April 17: The webinar, whose recording is available here, was fantastic, as expected. Aaron Anderson talked about the research study in 2023, completed in three cities where mosquito sprays, are prevalent, including Decatur.
He called Decatur a “rockstar” Bee City USA community, and acknowledged our “really wonderful work to reduce mosquito spraying in [our] district.” Congratulations, Beecatur and Peter Helfrich!
The study was able to gather data about types and levels of insecticides in sprayed yards that spray as well as in neighboring yards. They found high risk to pollinators in sprayed yards and some risk in others (up to 24 to 34 times, in two separate yards, the lethal dose of concentration for honey bees).
He also addressed mosquito buckets and said that he would rather everyone dump water every 7-10 days to disrupt the eggs since it takes about a week for mosquito eggs/lavrvae to hatch. Bti, according to Aaron, kills several species of small flies so there is some risk to target insects/pollinators beyond mosquitos, but much less toxic to sprays, which harm all the pollinators in the yard, especially when companies include synergists, which I had never heard of, that help the chemical sprays persist and make them more harmful!
Here is our first designed bucket after almost 9 months of experiments and prototypes. This one, with bee balm and butterfly (yes, bees would have been a more logical choice perhaps, but we wanted to try these two elements), integrates our natives plants and pollinators with representational force!

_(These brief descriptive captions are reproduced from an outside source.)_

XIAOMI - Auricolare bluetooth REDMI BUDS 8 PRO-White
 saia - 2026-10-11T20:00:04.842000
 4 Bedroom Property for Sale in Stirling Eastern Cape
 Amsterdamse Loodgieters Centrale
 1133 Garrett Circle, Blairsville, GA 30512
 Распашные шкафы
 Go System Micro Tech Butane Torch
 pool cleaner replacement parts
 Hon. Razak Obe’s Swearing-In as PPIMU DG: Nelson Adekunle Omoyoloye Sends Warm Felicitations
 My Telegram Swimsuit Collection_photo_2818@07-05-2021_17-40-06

We have more designs to share. But here is the preview, for now! Thanks, Nell!
My family has had Beecatur’s sign stating that “MOSQUITO SPRAYING KILLS BEES” in our yard for a few years, since I took the Pollinator Pledge and started adding native plants. I am glad to have the B BUCKETS sign beside it now, announcing to the community a solution and alternative to abatement sprays — and opportunities for education. Together we can make progress on this challenge of controlling mosquitoes without toxic chemicals.
Agriculture Appreciation Week seems like the perfect time to get ourselves going since we can’t have successful agriculture without pollinators.
And if you haven’t already, please call Gov. Kemp and ask him to veto Senate Bill 144 that the legislature has approved, which protects companies from disclosure of ingredients or responsibility for harm, including, as I understand it, several examples of chemicals banned in the countries of manufacture and on the market here.
While it seems unlikely to me that our agricultural state will stop this bill, it seems potentially harmful — for our farmers especially, but for all of us!
Gov office phone 404-656-1776
Be polite, and be clear; ask the staff person how they are or express some kindness. They are working hard answering phones, even if you don’t agree with their office’s positions.
Here is a potential script:
“This is _________ calling from __________ to register my concern and to ask Gov Kemp to veto Senate Bill 144.
Please protect Georgia farmers and consumers by giving us access to accurate label information on herbicides/pesticides and ensuring the companies’ accountability for their products, some of which are already banned in their countries of production. I would appreciate it if you would share my message with Gov. Kemp. Thank you for your time and your efforts on behalf of Georgians.”
Intown Ace Hardware on Scott Blvd got more buckets today. They were down to only 1 this morning; and they posted our sign with instructions and a QR code to more details on our website. Thanks, Andy (and Decatur/Avondale friends)!
Mosquito buckets are out in my yard; I have four, but I clearly need to add some more. And I need to remove some more invasives, again. I have a losing battle with Nandina, as you can see.
Intown Ace only had 1 only bucket a 2 lids left this afternoon. Thank you, Decatur neighbors! We are off to a good start. Let’s keep going.
Intown Ace Hardware will have more buckets on Tuesday, as will B Buckets.
Let’s make this the year when mosquito buckets are the popular choice!